Records provided: Begin

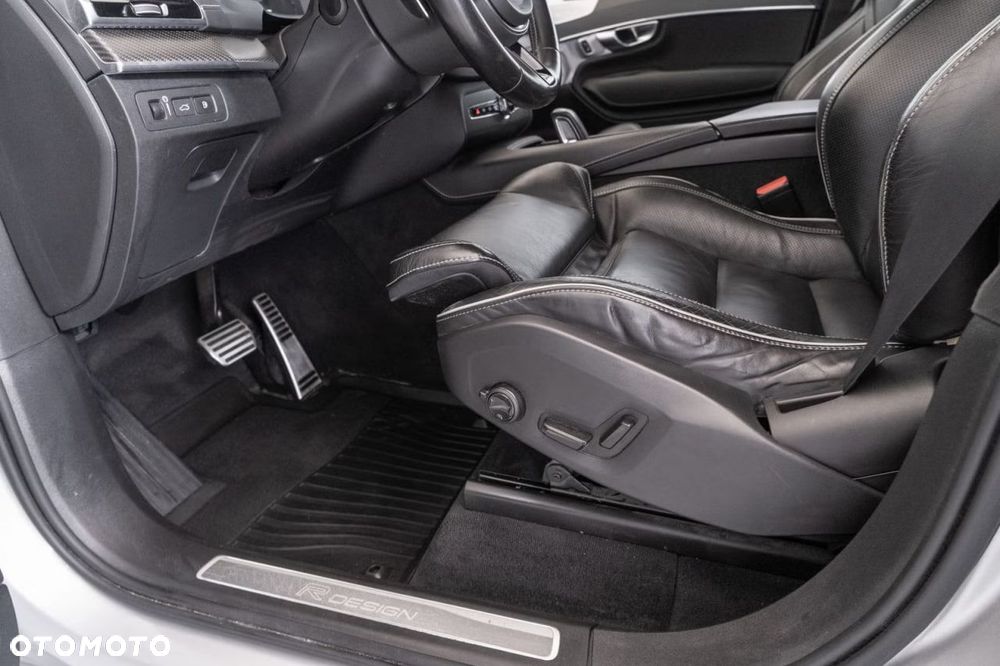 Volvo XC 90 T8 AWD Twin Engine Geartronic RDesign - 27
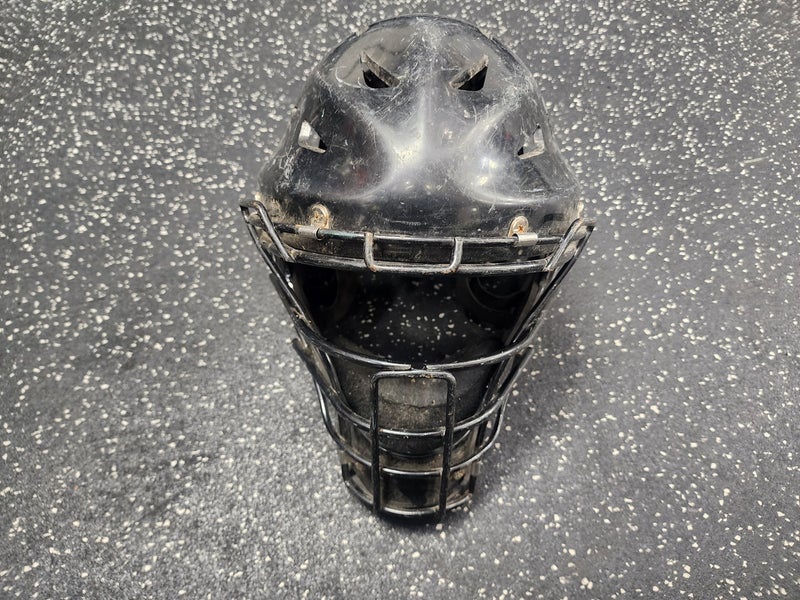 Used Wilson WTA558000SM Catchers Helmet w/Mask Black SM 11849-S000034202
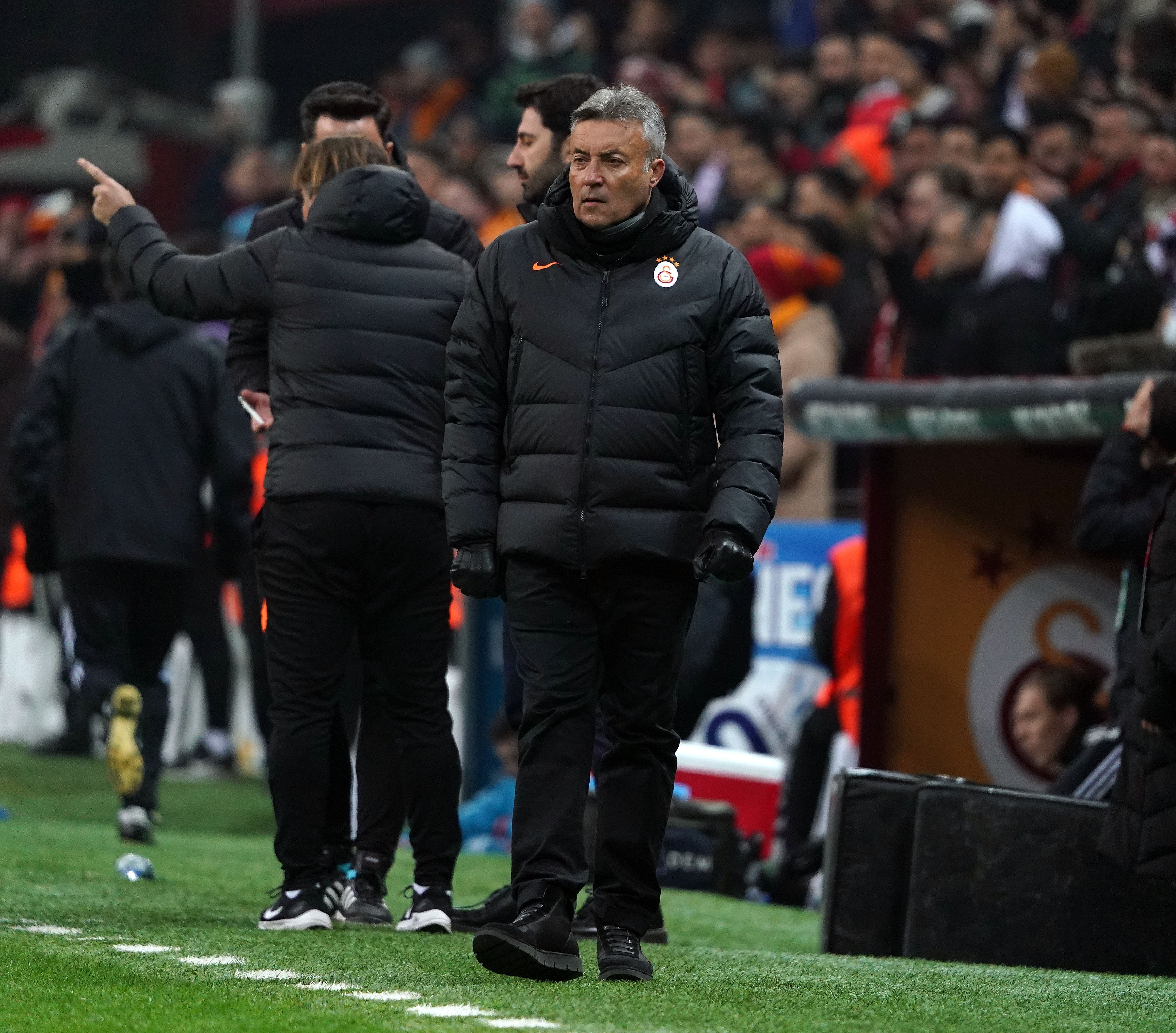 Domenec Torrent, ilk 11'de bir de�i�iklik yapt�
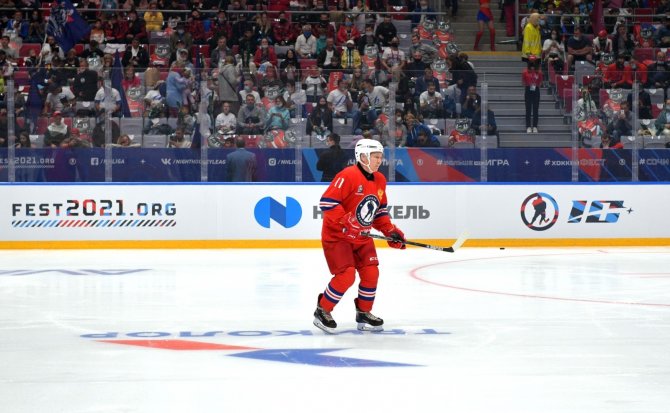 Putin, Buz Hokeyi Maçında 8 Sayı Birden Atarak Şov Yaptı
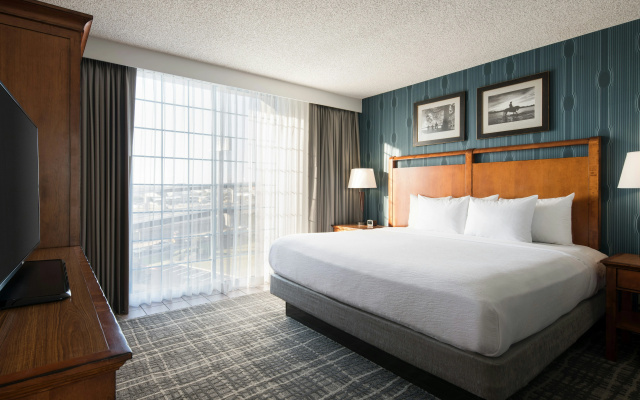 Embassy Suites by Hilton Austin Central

Records provided: End
Records provided: Begin

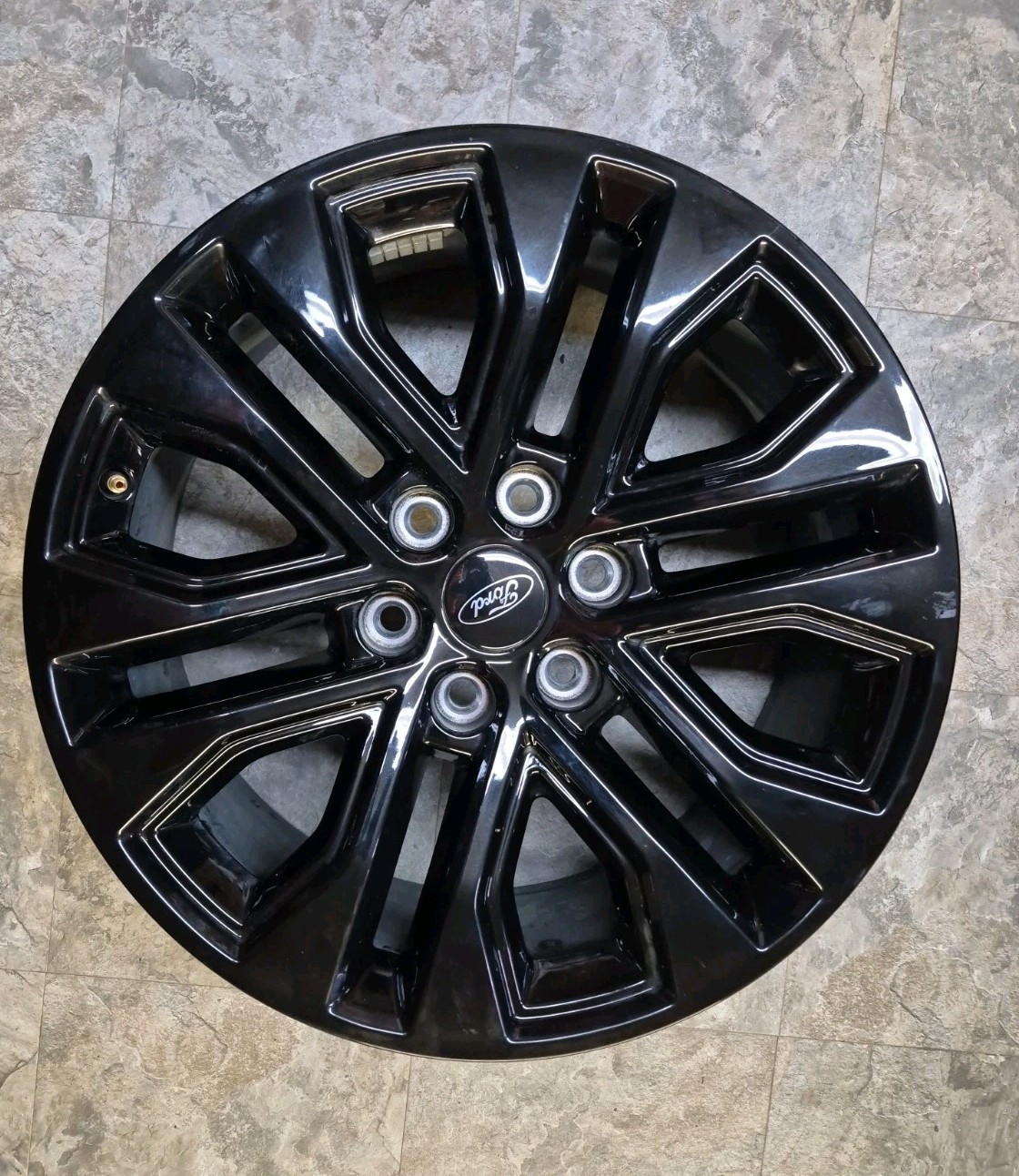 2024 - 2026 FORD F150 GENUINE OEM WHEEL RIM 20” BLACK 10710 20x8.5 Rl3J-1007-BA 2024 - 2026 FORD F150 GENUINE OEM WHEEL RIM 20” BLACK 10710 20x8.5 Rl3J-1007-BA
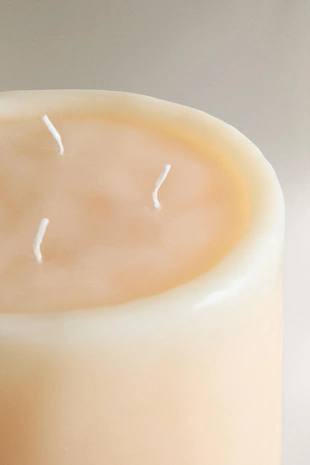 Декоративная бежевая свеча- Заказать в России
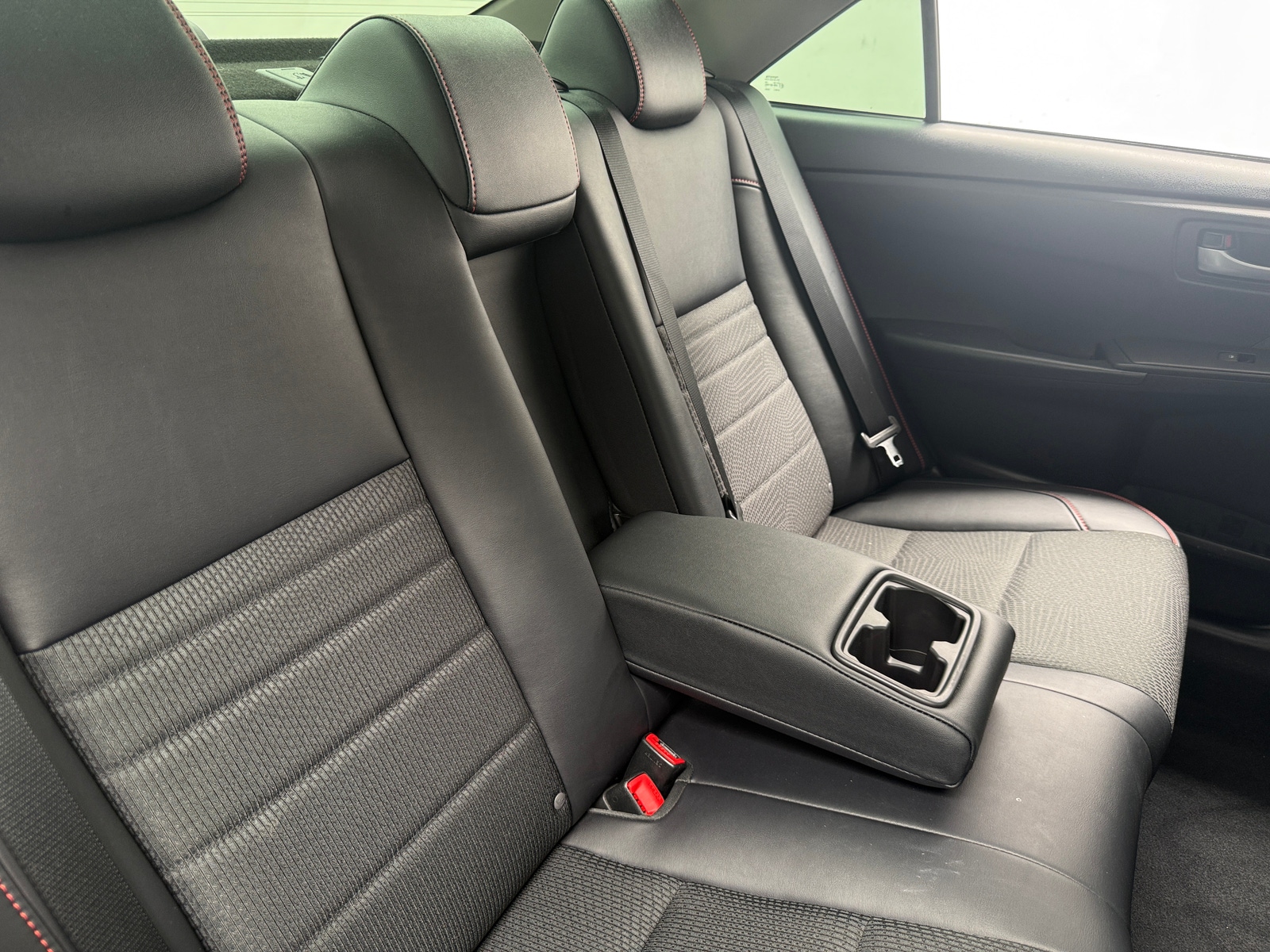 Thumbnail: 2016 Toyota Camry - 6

Records provided: End
Records provided: Begin

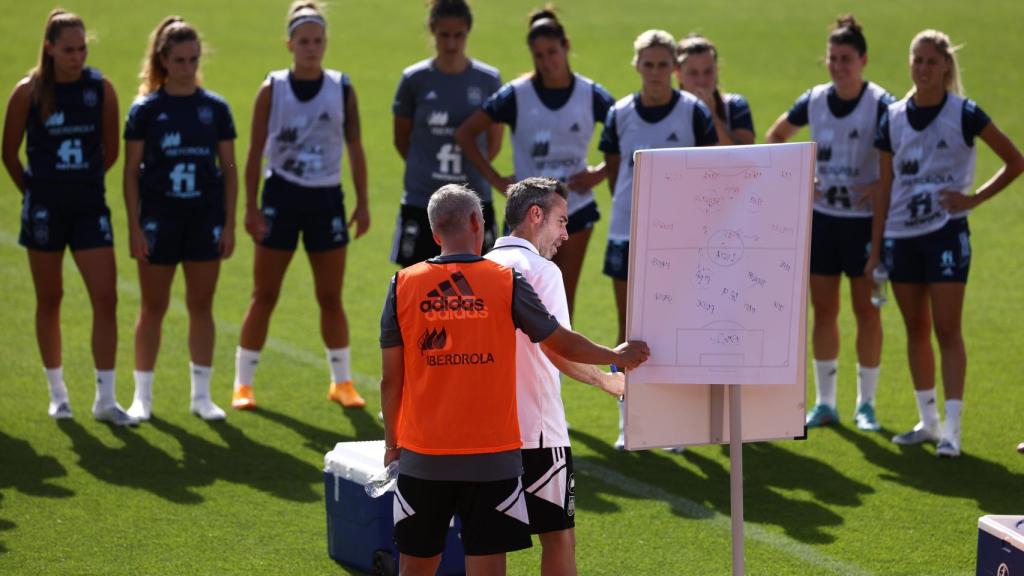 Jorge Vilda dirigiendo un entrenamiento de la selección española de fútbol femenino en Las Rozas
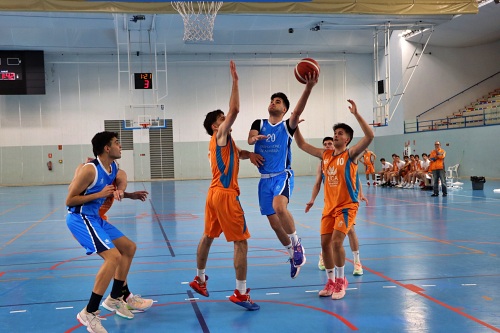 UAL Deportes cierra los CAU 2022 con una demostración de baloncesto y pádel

Records provided: End

> _What to work on_
Excerpt from the records above: set down only the lines from the one that contains "20x8.5 Rl3J-1007-BA 2024" through the one that contains "Thumbnail: 2016 Toyota Camry - 6", inclusive, word for word. Pictures stay out.

> _The completed task_
 2024 - 2026 FORD F150 GENUINE OEM WHEEL RIM 20” BLACK 10710 20x8.5 Rl3J-1007-BA 2024 - 2026 FORD F150 GENUINE OEM WHEEL RIM 20” BLACK 10710 20x8.5 Rl3J-1007-BA
 Декоративная бежевая свеча- Заказать в России
 Thumbnail: 2016 Toyota Camry - 6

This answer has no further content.